→ TO DO:
Print the listing exactly.

→ GIVEN ENTRIES:
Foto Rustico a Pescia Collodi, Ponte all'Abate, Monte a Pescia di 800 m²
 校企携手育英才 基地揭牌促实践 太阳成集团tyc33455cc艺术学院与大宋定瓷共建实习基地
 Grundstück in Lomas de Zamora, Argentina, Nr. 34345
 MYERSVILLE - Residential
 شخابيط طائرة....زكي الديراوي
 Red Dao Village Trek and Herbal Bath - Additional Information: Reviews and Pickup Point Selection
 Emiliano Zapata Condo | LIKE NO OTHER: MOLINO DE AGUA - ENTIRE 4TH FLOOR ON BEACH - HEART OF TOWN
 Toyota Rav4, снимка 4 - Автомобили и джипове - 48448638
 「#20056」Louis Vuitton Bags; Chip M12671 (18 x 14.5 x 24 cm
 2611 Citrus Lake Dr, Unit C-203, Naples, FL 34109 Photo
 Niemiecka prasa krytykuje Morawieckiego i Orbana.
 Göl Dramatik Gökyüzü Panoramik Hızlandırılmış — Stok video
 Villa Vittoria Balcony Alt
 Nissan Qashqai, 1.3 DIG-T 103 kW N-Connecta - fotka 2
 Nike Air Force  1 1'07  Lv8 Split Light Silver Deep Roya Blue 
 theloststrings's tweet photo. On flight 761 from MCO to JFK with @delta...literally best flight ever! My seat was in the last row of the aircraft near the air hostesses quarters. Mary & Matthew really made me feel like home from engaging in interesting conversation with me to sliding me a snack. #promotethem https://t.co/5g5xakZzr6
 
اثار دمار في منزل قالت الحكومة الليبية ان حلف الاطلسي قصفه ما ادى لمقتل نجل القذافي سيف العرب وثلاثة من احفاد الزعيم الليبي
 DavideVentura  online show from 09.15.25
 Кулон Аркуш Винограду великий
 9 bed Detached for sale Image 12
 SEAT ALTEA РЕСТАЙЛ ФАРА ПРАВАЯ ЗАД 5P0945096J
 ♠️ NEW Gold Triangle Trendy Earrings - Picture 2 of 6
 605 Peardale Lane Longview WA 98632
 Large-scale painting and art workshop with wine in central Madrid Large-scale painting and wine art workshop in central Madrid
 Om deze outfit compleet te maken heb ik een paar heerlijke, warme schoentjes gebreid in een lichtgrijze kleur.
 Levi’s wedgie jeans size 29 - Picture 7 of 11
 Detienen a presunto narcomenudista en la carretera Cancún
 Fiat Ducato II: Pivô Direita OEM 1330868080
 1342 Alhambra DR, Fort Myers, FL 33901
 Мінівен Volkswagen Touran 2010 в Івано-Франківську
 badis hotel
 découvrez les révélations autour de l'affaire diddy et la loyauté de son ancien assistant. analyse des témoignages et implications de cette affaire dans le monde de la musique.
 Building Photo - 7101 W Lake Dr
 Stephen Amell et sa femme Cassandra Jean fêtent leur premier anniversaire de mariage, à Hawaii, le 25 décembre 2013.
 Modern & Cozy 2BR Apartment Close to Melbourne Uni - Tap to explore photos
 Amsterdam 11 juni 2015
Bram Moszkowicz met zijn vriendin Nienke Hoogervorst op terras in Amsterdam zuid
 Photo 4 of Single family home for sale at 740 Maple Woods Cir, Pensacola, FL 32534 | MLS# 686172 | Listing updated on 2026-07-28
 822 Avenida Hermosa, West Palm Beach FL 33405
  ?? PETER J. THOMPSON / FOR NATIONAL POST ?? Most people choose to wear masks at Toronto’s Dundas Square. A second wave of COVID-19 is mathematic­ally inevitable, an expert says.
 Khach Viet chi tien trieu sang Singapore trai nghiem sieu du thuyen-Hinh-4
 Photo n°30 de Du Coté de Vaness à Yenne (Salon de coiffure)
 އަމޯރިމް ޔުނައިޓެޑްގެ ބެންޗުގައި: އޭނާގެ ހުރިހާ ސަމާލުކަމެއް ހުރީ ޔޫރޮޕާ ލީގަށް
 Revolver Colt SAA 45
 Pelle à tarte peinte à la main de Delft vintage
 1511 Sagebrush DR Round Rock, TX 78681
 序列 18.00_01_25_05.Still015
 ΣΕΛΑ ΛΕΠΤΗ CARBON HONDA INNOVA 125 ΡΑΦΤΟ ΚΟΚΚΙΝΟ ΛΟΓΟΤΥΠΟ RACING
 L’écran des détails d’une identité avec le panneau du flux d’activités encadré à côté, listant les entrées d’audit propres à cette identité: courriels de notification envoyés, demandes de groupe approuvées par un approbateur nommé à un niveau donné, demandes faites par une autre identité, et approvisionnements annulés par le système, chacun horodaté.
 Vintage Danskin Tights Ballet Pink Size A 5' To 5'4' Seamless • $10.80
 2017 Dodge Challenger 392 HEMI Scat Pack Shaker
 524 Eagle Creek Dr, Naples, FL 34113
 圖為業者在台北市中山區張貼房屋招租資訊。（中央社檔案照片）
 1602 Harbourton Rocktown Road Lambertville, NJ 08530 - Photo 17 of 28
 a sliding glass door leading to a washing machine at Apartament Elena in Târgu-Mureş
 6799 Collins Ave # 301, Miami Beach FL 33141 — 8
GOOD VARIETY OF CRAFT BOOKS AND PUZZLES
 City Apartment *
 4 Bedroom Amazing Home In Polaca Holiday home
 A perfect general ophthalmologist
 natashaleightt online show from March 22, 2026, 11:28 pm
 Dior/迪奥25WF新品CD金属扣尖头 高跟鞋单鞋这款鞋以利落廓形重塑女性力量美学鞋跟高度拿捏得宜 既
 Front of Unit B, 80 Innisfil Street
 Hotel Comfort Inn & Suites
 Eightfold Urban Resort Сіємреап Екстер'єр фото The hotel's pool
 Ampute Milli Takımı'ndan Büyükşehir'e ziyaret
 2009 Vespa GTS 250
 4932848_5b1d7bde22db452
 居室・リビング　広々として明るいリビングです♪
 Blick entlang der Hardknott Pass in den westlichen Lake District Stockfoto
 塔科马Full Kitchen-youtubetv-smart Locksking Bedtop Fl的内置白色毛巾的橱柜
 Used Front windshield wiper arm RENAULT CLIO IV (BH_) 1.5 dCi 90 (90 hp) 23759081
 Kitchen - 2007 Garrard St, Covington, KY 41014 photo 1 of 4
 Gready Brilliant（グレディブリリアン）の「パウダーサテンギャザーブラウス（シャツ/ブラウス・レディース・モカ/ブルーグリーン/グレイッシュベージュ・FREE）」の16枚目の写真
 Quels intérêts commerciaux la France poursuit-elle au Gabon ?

→ TASK SOLUTION:
Foto Rustico a Pescia Collodi, Ponte all'Abate, Monte a Pescia di 800 m²
 校企携手育英才 基地揭牌促实践 太阳成集团tyc33455cc艺术学院与大宋定瓷共建实习基地
 Grundstück in Lomas de Zamora, Argentina, Nr. 34345
 MYERSVILLE - Residential
 شخابيط طائرة....زكي الديراوي
 Red Dao Village Trek and Herbal Bath - Additional Information: Reviews and Pickup Point Selection
 Emiliano Zapata Condo | LIKE NO OTHER: MOLINO DE AGUA - ENTIRE 4TH FLOOR ON BEACH - HEART OF TOWN
 Toyota Rav4, снимка 4 - Автомобили и джипове - 48448638
 「#20056」Louis Vuitton Bags; Chip M12671 (18 x 14.5 x 24 cm
 2611 Citrus Lake Dr, Unit C-203, Naples, FL 34109 Photo
 Niemiecka prasa krytykuje Morawieckiego i Orbana.
 Göl Dramatik Gökyüzü Panoramik Hızlandırılmış — Stok video
 Villa Vittoria Balcony Alt
 Nissan Qashqai, 1.3 DIG-T 103 kW N-Connecta - fotka 2
 Nike Air Force  1 1'07  Lv8 Split Light Silver Deep Roya Blue 
 theloststrings's tweet photo. On flight 761 from MCO to JFK with @delta...literally best flight ever! My seat was in the last row of the aircraft near the air hostesses quarters. Mary & Matthew really made me feel like home from engaging in interesting conversation with me to sliding me a snack. #promotethem https://t.co/5g5xakZzr6
 
اثار دمار في منزل قالت الحكومة الليبية ان حلف الاطلسي قصفه ما ادى لمقتل نجل القذافي سيف العرب وثلاثة من احفاد الزعيم الليبي
 DavideVentura  online show from 09.15.25
 Кулон Аркуш Винограду великий
 9 bed Detached for sale Image 12
 SEAT ALTEA РЕСТАЙЛ ФАРА ПРАВАЯ ЗАД 5P0945096J
 ♠️ NEW Gold Triangle Trendy Earrings - Picture 2 of 6
 605 Peardale Lane Longview WA 98632
 Large-scale painting and art workshop with wine in central Madrid Large-scale painting and wine art workshop in central Madrid
 Om deze outfit compleet te maken heb ik een paar heerlijke, warme schoentjes gebreid in een lichtgrijze kleur.
 Levi’s wedgie jeans size 29 - Picture 7 of 11
 Detienen a presunto narcomenudista en la carretera Cancún
 Fiat Ducato II: Pivô Direita OEM 1330868080
 1342 Alhambra DR, Fort Myers, FL 33901
 Мінівен Volkswagen Touran 2010 в Івано-Франківську
 badis hotel
 découvrez les révélations autour de l'affaire diddy et la loyauté de son ancien assistant. analyse des témoignages et implications de cette affaire dans le monde de la musique.
 Building Photo - 7101 W Lake Dr
 Stephen Amell et sa femme Cassandra Jean fêtent leur premier anniversaire de mariage, à Hawaii, le 25 décembre 2013.
 Modern & Cozy 2BR Apartment Close to Melbourne Uni - Tap to explore photos
 Amsterdam 11 juni 2015
Bram Moszkowicz met zijn vriendin Nienke Hoogervorst op terras in Amsterdam zuid
 Photo 4 of Single family home for sale at 740 Maple Woods Cir, Pensacola, FL 32534 | MLS# 686172 | Listing updated on 2026-07-28
 822 Avenida Hermosa, West Palm Beach FL 33405
  ?? PETER J. THOMPSON / FOR NATIONAL POST ?? Most people choose to wear masks at Toronto’s Dundas Square. A second wave of COVID-19 is mathematic­ally inevitable, an expert says.
 Khach Viet chi tien trieu sang Singapore trai nghiem sieu du thuyen-Hinh-4
 Photo n°30 de Du Coté de Vaness à Yenne (Salon de coiffure)
 އަމޯރިމް ޔުނައިޓެޑްގެ ބެންޗުގައި: އޭނާގެ ހުރިހާ ސަމާލުކަމެއް ހުރީ ޔޫރޮޕާ ލީގަށް
 Revolver Colt SAA 45
 Pelle à tarte peinte à la main de Delft vintage
 1511 Sagebrush DR Round Rock, TX 78681
 序列 18.00_01_25_05.Still015
 ΣΕΛΑ ΛΕΠΤΗ CARBON HONDA INNOVA 125 ΡΑΦΤΟ ΚΟΚΚΙΝΟ ΛΟΓΟΤΥΠΟ RACING
 L’écran des détails d’une identité avec le panneau du flux d’activités encadré à côté, listant les entrées d’audit propres à cette identité: courriels de notification envoyés, demandes de groupe approuvées par un approbateur nommé à un niveau donné, demandes faites par une autre identité, et approvisionnements annulés par le système, chacun horodaté.
 Vintage Danskin Tights Ballet Pink Size A 5' To 5'4' Seamless • $10.80
 2017 Dodge Challenger 392 HEMI Scat Pack Shaker
 524 Eagle Creek Dr, Naples, FL 34113
 圖為業者在台北市中山區張貼房屋招租資訊。（中央社檔案照片）
 1602 Harbourton Rocktown Road Lambertville, NJ 08530 - Photo 17 of 28
 a sliding glass door leading to a washing machine at Apartament Elena in Târgu-Mureş
 6799 Collins Ave # 301, Miami Beach FL 33141 — 8
GOOD VARIETY OF CRAFT BOOKS AND PUZZLES
 City Apartment *
 4 Bedroom Amazing Home In Polaca Holiday home
 A perfect general ophthalmologist
 natashaleightt online show from March 22, 2026, 11:28 pm
 Dior/迪奥25WF新品CD金属扣尖头 高跟鞋单鞋这款鞋以利落廓形重塑女性力量美学鞋跟高度拿捏得宜 既
 Front of Unit B, 80 Innisfil Street
 Hotel Comfort Inn & Suites
 Eightfold Urban Resort Сіємреап Екстер'єр фото The hotel's pool
 Ampute Milli Takımı'ndan Büyükşehir'e ziyaret
 2009 Vespa GTS 250
 4932848_5b1d7bde22db452
 居室・リビング　広々として明るいリビングです♪
 Blick entlang der Hardknott Pass in den westlichen Lake District Stockfoto
 塔科马Full Kitchen-youtubetv-smart Locksking Bedtop Fl的内置白色毛巾的橱柜
 Used Front windshield wiper arm RENAULT CLIO IV (BH_) 1.5 dCi 90 (90 hp) 23759081
 Kitchen - 2007 Garrard St, Covington, KY 41014 photo 1 of 4
 Gready Brilliant（グレディブリリアン）の「パウダーサテンギャザーブラウス（シャツ/ブラウス・レディース・モカ/ブルーグリーン/グレイッシュベージュ・FREE）」の16枚目の写真
 Quels intérêts commerciaux la France poursuit-elle au Gabon ?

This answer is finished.